Austen’s use of dance, however, goes beyond describing emotional states to actually developing character, just as Shakespeare’s sonnet sequence develops different personalities.  Elton’s actions to Harriet cement his dislikable persona. “For sweetest things turn sourest by their deeds;/Lilies that fester smell far worse than weeds,” (“94” 13-14), and thus by his actions, Mr. Elton, once admired, completely fell from grace.  In contrast, Mr. Knightley, who offers Harriet his hand (Emma 295) saves her from shame.  His response at the dance highlights his true, compassionate nature, as Elton’s reveal his base, ungentlemanly self.  The movie Emma expands on this scene.  Paltrow moves from feeling anxiety at Harriet’s plight to sighing with contentment as Knightley leads Harriet to their circle.  Paltrow reaches out to Harriet as she passes her and smiles blessingly on Knightley when they face each other. The gentle physical signs reinforce the important actions the dance inspires in the characters.  The A&E version of Pride and Prejudice plays up the foolishness of Lydia and Kitty by showing their passion for dancing.  Twice in Volume II of the set, Lydia pulls Wickham away from Elizabeth to dance.  She also interrupts the dinner given at the Netherfield ball by dancing in and loudly disrupting the room.  This careless, self-gratifying behavior is drawn from the book, which often points out how the younger sisters were indeed shallow and indecorous.  “Catherine and Lydia had been fortunate enough to be never without partners, which is all they had yet learnt to care for at a ball,”(Pride 7).  Lydia’s thoughtlessness, developed by dance, leads her into her foolish elopement.  Similarly, Miss Bingley’s reaction to dance, scorn, reflects on her ill temper.  “I should like balls infinitely better… if they were carried on in a different manner; but there is something insufferably tedious in the usual process of such a meeting,” (Pride 37), she says, in a vain attempt to align herself with Darcy.  She is unable to find enjoyment in anything that makes others happy, and her ugly side does not go unnoticed by Darcy.  Thus Austen uses dance as a way of reveal much more than principle characters’ emotions; dance also illuminates characteristics and values.  It can help restrained characters demonstrate their feelings or bring those less prudent characters into the light of their own folly.

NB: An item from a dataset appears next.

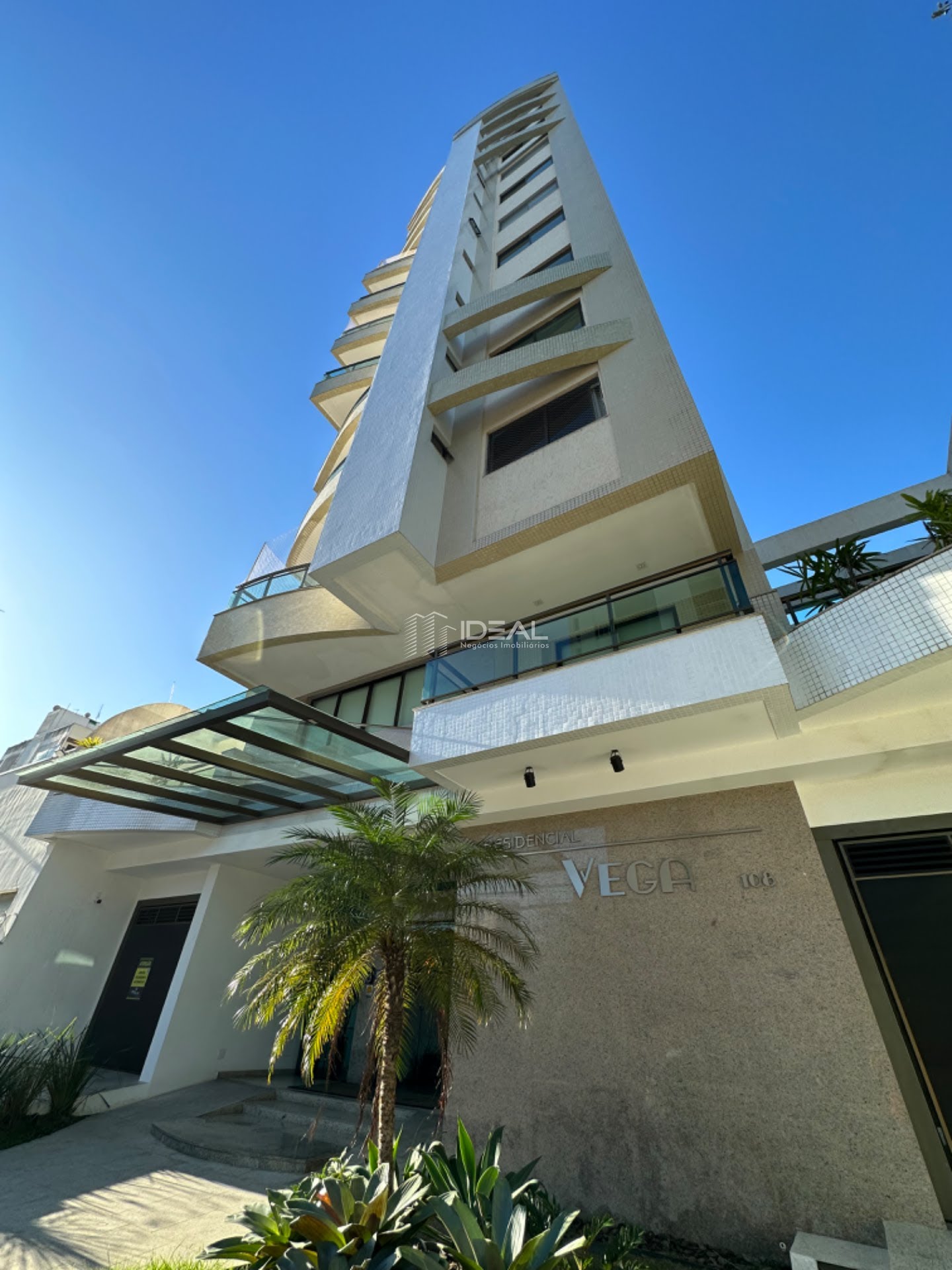 Apartamento à venda com 3 quartos, 3 suítes, 2 vagas e 128m² no Parque Tamandaré, Campos dos Goytacazes (RJ) — foto 7 de 30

Dancing or not dancing, with life mates or mistakes, is one of Austen's most enlightening and ironic tools for developing her stories and her characters.  Dances are places to show emotions that must often be masked in a restrictive society or by a reserved personality; they are also moments for polite insults, and chances reveal personalities.  Austen uses the limits of the formal setting to expand on her characters.  Her elegant use of the dance is as articulate, skillful, and clever as a Shakespearean sonnet.  And, like the sonnets, through her wit she touches the souls of her character and her readers.